Wednesday, November 01, 2006

Full Text Search

In this article I have tried to evaluate some of the options for integrating full-text search features in java applications.

MySQL’s built-in Full Text Search engine

From my initial search what I could find was that MySQL’s built-in Text Search Engine surprisingly does effective full-text searching if the dataset is small. Also it has the least cost to implement since the search criteria can be specified as a part of query itself. But as the size of dataset grows its efficiency becomes dependent on the system resources like CPU, RAM etc.

Open Source Full Text Search engines

Most of the external full text search engines work by keeping a separate index of the table data which will be updated at frequent intervals (maybe with some amount of caching) so that time spend on the database server is less for searching for information. This approach will certainly lessen the load on the database server.

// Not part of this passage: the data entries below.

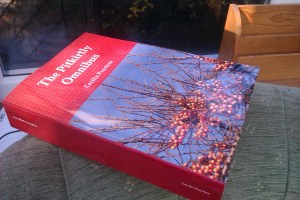 Pitkirtly omnibus attempt 1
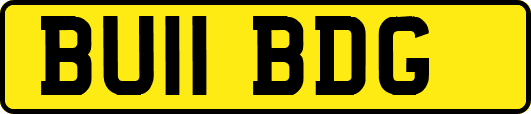 BU11BDG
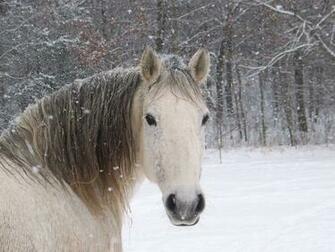 Cute Horse Horses Picture
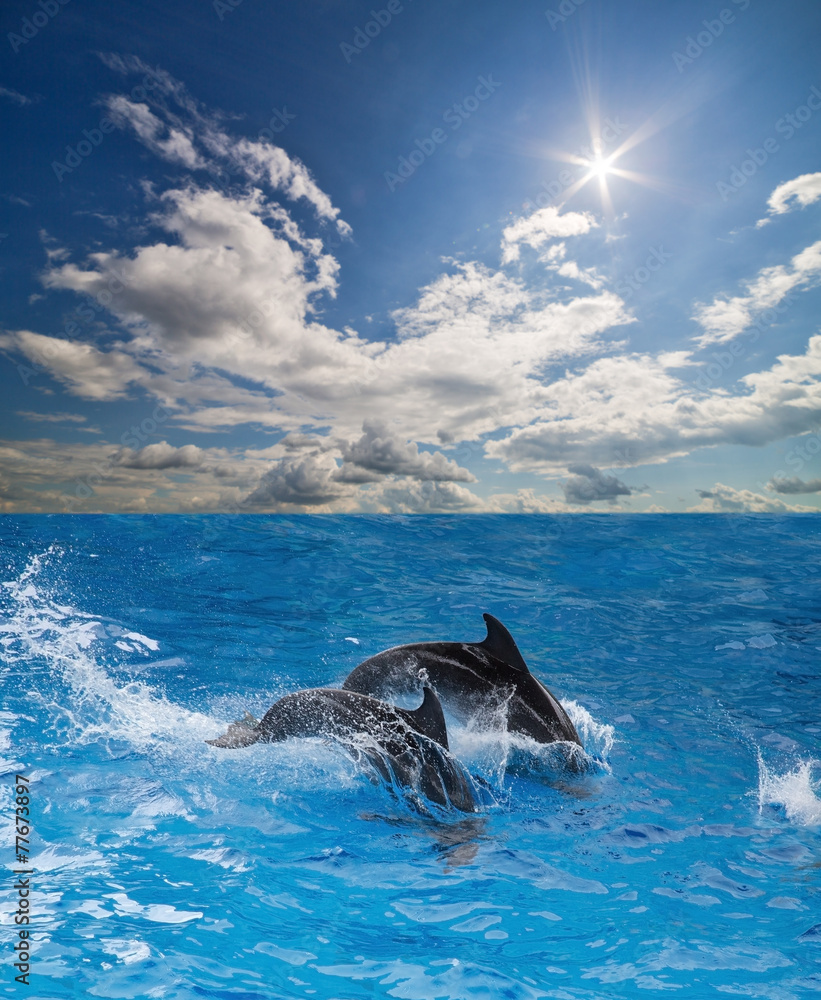 Obraz premium grey dolphins in blue water under sun
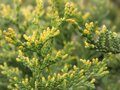 Туя  западная 'Ауреоспиката' / Thuja occidentalis 'Aureospicata'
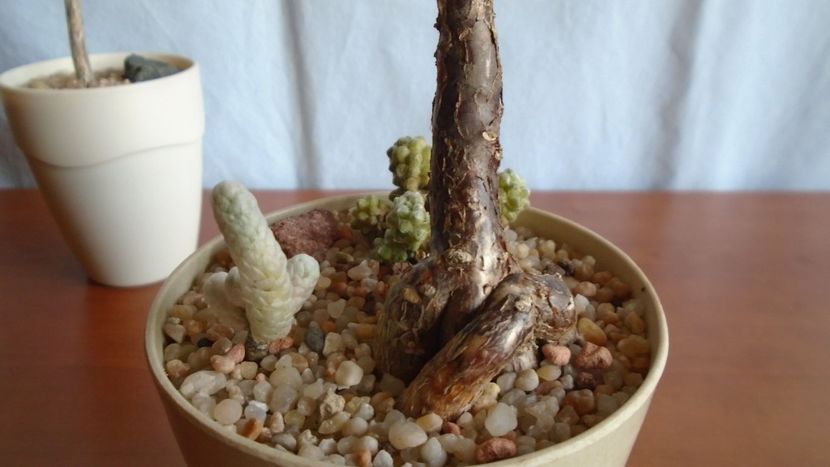 Mestoklema arboriforme - Caudiciforme - pachycaule si bulboase 2020 bis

A complete list of popular full text search engines is available at WikiMedia site

1. Sphinx

Sphinx is a full-text search engine, distributed under GPL version 2. Generally, it's a standalone search engine, meant to provide fast, size-efficient and relevant full-text search functions to other applications. Sphinx was specially designed to integrate well with SQL databases and scripting languages. Currently built-in data source drivers support fetching data either via direct connection to MySQL, PostgreSQL, or from a pipe in a custom XML format.

2. Lucene

Apache Lucene is a high-performance, full-featured text search engine library written entirely in Java with features like Scalable High-Performance Indexing, Powerful Accurate and Efficient Search Algorithms etc.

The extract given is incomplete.